Fictional character on the television series Chuck

Alexei Volkoff (Алексей Волков) is the alias and alter ego of Hartley Winterbottom (codename Agent X), a fictional character on the television series Chuck. Volkoff is the head of Volkoff Industries. For the first six episodes of the fourth season, he was an unseen character, directing his operatives from behind the scenes. He first appeared in the seventh episode, "Chuck Versus the First Fight". For the first twenty-one episodes of the season, Volkoff is presented as the character's actual identity. "Chuck Versus Agent X", however, reveals that Volkoff is actually a cover, which, following a botched Intersect upload, Winterbottom unknowingly adopted as his true identity. Volkoff serves as the main antagonist for the first half of season four and tragic character in the second half.
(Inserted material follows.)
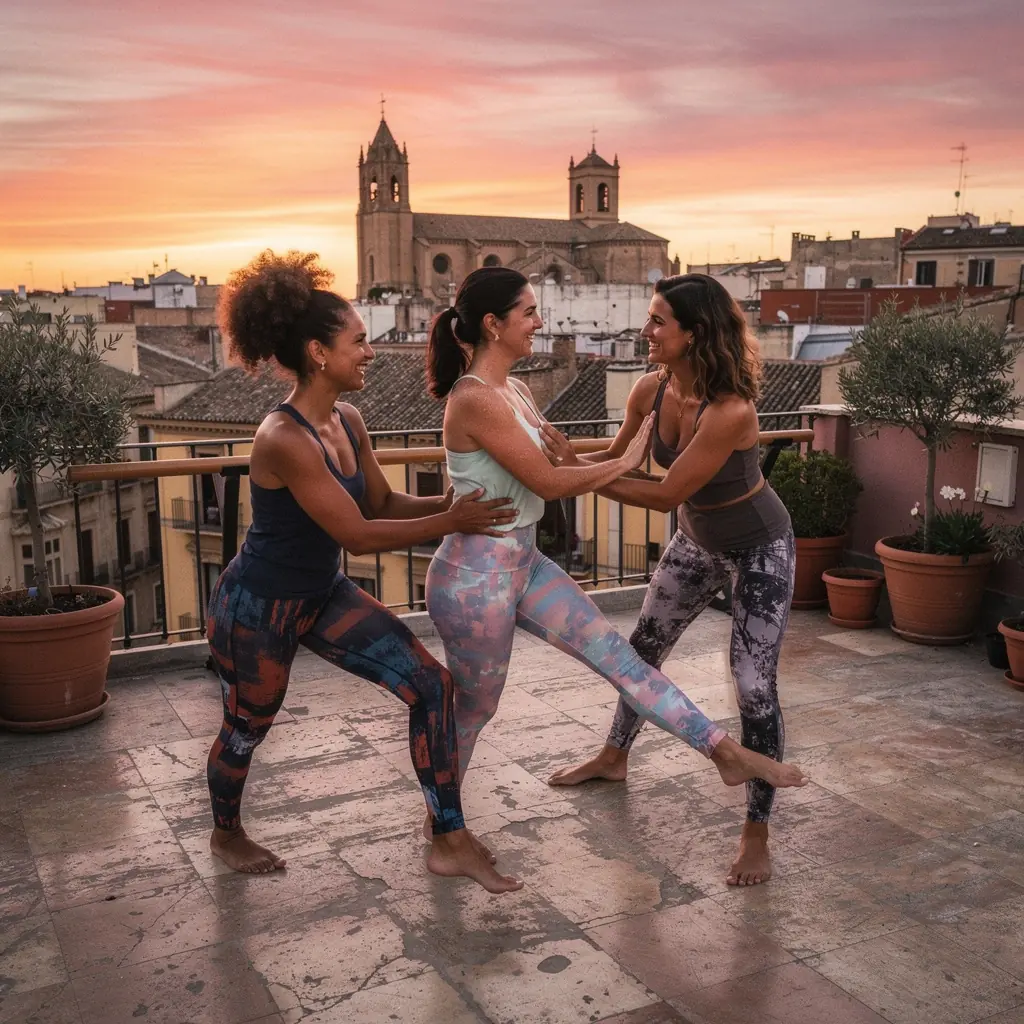 Un ambiente luminoso y acogedor de un estudio de fitness, con colchonetas y accesorios para la práctica de yoga y pilates.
He is portrayed by Timothy Dalton.

==Biography==
Mary Elizabeth Bartowski (codename Frost) was ordered by the CIA to track him down when she was placed undercover in his organization under Project ISIS. It was first revealed in "Chuck Versus the Ring: Part II" and over the course of the first part of the fourth season that Stephen J. Bartowski (codename Orion) had spent the twenty years following Mary's disappearance privately attempting to locate and stop Volkoff.

According to Chuck Bartowski's flash in "Chuck Versus the Cubic Z," Volkoff is 5'10"-6'2" tall and speaks Russian, German, and English. He was born in Moscow, Russia on 30 March or 14 May 1959, was indicted in New York for his involvement in arms trafficking, and is wanted for "conspiracy to kill United States nationals, to murder, to destroy buildings and property of the United States, and to destroy the national defense utilities of the United States."

Volkoff reveals to Dasha that his home address is 17 Tally Place, he has a dog named Kipper, he had his first sexual experience watching Lawrence of Arabia, and he came from a broken home. He later reveals to Devon Woodcomb that he free climbed K2 without oxygen. It is unknown how much (if any) of this is true, though, as he was posing as Frost's MI6 handler both times. Further, the revelation that Volkoff was born Hartley Winterbottom and raised by his mother in Somerset, England, casts doubt on the place of birth given in Chuck's flash.

==Series==
Volkoff has been present in the series as early as "Chuck Versus the Cougars," when Heather Chandler attempts to extort F-22 plans from her husband for Volkoff. In "Chuck Versus the Cubic Z", Volkoff arranges for her to be on the same prison transfer as Hugo Panzer and hires Panzer to kill her for the failure.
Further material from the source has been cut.